SUPPLIED INFORMATION
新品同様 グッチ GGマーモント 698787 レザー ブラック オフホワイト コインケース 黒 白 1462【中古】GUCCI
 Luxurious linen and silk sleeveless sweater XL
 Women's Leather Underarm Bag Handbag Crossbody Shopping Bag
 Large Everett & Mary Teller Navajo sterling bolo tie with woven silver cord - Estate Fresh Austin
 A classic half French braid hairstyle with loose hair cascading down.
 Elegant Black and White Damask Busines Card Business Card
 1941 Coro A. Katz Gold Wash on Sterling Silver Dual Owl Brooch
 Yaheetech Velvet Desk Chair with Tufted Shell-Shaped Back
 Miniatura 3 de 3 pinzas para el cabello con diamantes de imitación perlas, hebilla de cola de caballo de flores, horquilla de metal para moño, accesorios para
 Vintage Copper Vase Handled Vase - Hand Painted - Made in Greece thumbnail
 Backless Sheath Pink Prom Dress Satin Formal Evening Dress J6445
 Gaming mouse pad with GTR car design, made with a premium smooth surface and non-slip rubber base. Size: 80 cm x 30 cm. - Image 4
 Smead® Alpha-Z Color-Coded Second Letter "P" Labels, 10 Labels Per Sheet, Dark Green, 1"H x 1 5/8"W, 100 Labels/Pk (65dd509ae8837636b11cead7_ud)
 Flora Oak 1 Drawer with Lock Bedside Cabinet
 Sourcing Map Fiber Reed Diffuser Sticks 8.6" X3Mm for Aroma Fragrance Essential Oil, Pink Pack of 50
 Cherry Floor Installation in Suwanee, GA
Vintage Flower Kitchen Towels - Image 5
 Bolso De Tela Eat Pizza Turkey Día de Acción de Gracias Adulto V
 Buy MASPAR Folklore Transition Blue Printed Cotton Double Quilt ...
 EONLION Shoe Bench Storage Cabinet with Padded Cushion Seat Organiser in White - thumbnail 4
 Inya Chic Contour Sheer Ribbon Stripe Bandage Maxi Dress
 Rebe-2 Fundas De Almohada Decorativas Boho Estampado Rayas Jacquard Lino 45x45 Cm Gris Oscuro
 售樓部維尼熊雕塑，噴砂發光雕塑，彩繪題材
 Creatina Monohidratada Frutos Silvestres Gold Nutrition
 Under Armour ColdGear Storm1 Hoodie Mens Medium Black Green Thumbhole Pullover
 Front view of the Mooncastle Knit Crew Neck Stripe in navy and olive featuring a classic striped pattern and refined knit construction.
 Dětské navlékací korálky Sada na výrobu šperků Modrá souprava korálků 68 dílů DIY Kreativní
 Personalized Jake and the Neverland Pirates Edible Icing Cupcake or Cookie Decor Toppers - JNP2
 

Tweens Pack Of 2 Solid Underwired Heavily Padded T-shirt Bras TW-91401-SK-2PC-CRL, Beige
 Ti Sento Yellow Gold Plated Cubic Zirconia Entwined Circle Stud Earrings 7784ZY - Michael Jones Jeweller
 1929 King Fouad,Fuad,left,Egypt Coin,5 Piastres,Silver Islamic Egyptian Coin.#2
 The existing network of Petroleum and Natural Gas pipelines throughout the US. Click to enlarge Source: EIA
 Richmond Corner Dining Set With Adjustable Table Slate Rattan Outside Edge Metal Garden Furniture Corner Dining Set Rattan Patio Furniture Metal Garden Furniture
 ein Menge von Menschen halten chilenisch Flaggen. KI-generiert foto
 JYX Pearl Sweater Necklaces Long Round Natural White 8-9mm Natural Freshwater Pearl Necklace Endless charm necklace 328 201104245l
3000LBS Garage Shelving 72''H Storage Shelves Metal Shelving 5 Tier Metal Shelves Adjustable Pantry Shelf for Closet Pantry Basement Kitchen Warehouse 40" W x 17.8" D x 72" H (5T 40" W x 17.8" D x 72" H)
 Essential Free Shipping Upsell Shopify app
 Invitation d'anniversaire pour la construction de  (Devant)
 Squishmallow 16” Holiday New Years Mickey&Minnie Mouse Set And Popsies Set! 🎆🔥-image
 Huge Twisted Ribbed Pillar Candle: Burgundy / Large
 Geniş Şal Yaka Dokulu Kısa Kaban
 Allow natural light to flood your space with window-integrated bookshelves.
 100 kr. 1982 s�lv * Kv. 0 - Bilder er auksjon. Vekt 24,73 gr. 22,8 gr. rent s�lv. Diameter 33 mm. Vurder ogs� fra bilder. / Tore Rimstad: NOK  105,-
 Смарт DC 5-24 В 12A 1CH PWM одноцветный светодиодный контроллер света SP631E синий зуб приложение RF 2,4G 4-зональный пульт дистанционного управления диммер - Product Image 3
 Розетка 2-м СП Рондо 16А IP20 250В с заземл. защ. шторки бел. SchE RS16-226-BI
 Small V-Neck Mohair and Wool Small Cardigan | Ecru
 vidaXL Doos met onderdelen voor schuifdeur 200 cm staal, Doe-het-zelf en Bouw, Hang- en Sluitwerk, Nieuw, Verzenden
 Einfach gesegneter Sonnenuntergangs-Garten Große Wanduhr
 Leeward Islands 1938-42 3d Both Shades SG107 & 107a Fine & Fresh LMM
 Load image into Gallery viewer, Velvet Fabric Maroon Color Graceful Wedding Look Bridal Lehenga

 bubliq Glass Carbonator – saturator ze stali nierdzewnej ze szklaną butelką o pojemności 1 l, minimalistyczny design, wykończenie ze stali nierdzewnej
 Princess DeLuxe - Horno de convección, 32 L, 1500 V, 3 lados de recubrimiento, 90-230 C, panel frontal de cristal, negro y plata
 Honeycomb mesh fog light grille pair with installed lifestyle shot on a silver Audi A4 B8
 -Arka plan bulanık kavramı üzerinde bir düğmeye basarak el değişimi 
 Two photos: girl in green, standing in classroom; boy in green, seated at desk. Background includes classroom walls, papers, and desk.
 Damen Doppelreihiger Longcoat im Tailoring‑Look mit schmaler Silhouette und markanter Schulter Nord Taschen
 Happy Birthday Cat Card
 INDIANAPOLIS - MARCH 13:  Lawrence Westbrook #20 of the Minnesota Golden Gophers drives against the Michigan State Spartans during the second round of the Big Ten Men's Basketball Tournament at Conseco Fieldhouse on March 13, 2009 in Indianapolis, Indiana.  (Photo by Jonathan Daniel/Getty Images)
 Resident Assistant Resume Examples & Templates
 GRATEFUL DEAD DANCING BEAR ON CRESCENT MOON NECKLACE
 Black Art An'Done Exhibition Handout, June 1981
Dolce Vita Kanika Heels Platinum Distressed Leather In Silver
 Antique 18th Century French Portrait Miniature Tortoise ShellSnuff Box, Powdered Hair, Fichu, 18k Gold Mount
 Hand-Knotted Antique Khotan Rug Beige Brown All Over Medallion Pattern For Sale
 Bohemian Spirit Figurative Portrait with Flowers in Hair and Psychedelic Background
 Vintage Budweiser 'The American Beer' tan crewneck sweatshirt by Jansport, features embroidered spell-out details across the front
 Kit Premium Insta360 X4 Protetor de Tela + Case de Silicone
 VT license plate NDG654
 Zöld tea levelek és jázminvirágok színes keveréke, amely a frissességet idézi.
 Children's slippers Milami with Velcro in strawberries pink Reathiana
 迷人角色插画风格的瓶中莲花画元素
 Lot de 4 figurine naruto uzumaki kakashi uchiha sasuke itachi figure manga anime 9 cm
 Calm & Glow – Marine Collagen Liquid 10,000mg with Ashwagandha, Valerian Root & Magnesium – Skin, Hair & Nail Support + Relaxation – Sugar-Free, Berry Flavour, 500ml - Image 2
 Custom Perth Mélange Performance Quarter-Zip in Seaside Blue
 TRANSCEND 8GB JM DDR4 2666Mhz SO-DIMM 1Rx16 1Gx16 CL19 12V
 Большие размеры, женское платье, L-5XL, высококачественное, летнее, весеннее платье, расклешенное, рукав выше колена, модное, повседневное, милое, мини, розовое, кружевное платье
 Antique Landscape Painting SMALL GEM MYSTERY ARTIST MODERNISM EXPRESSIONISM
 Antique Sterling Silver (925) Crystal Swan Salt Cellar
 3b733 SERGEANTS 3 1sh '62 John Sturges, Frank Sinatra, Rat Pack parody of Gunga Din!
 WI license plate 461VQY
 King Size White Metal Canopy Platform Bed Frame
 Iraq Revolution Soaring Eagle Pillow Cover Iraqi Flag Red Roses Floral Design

WORK ITEM
Everything from the first line of the data through the line holding "A classic half" should be output exactly, and no other lines.

RESPONSE
新品同様 グッチ GGマーモント 698787 レザー ブラック オフホワイト コインケース 黒 白 1462【中古】GUCCI
 Luxurious linen and silk sleeveless sweater XL
 Women's Leather Underarm Bag Handbag Crossbody Shopping Bag
 Large Everett & Mary Teller Navajo sterling bolo tie with woven silver cord - Estate Fresh Austin
 A classic half French braid hairstyle with loose hair cascading down.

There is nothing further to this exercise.